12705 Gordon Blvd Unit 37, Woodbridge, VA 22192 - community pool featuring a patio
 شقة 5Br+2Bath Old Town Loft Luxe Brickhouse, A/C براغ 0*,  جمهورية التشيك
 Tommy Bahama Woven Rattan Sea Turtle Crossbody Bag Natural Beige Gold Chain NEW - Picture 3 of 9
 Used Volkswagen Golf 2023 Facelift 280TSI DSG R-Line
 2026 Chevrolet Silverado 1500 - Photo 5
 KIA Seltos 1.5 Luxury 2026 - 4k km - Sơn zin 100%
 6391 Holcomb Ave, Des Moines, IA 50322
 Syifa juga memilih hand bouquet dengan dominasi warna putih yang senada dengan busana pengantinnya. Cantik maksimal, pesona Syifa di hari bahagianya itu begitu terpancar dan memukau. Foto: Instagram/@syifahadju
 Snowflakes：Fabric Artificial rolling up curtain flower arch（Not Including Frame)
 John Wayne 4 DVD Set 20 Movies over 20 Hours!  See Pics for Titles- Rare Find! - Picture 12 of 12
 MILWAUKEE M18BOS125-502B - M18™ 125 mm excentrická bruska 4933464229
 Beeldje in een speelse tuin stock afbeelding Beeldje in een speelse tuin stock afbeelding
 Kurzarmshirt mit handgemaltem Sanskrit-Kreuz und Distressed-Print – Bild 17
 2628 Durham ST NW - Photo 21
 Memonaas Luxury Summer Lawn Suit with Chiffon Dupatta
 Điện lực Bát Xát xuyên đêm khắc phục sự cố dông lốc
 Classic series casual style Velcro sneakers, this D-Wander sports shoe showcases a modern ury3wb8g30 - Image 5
:::::
§ **Problem description**: Without skipping a line, print the listing once more exactly.

§ **Response**:
12705 Gordon Blvd Unit 37, Woodbridge, VA 22192 - community pool featuring a patio
 شقة 5Br+2Bath Old Town Loft Luxe Brickhouse, A/C براغ 0*,  جمهورية التشيك
 Tommy Bahama Woven Rattan Sea Turtle Crossbody Bag Natural Beige Gold Chain NEW - Picture 3 of 9
 Used Volkswagen Golf 2023 Facelift 280TSI DSG R-Line
 2026 Chevrolet Silverado 1500 - Photo 5
 KIA Seltos 1.5 Luxury 2026 - 4k km - Sơn zin 100%
 6391 Holcomb Ave, Des Moines, IA 50322
 Syifa juga memilih hand bouquet dengan dominasi warna putih yang senada dengan busana pengantinnya. Cantik maksimal, pesona Syifa di hari bahagianya itu begitu terpancar dan memukau. Foto: Instagram/@syifahadju
 Snowflakes：Fabric Artificial rolling up curtain flower arch（Not Including Frame)
 John Wayne 4 DVD Set 20 Movies over 20 Hours!  See Pics for Titles- Rare Find! - Picture 12 of 12
 MILWAUKEE M18BOS125-502B - M18™ 125 mm excentrická bruska 4933464229
 Beeldje in een speelse tuin stock afbeelding Beeldje in een speelse tuin stock afbeelding
 Kurzarmshirt mit handgemaltem Sanskrit-Kreuz und Distressed-Print – Bild 17
 2628 Durham ST NW - Photo 21
 Memonaas Luxury Summer Lawn Suit with Chiffon Dupatta
 Điện lực Bát Xát xuyên đêm khắc phục sự cố dông lốc
 Classic series casual style Velcro sneakers, this D-Wander sports shoe showcases a modern ury3wb8g30 - Image 5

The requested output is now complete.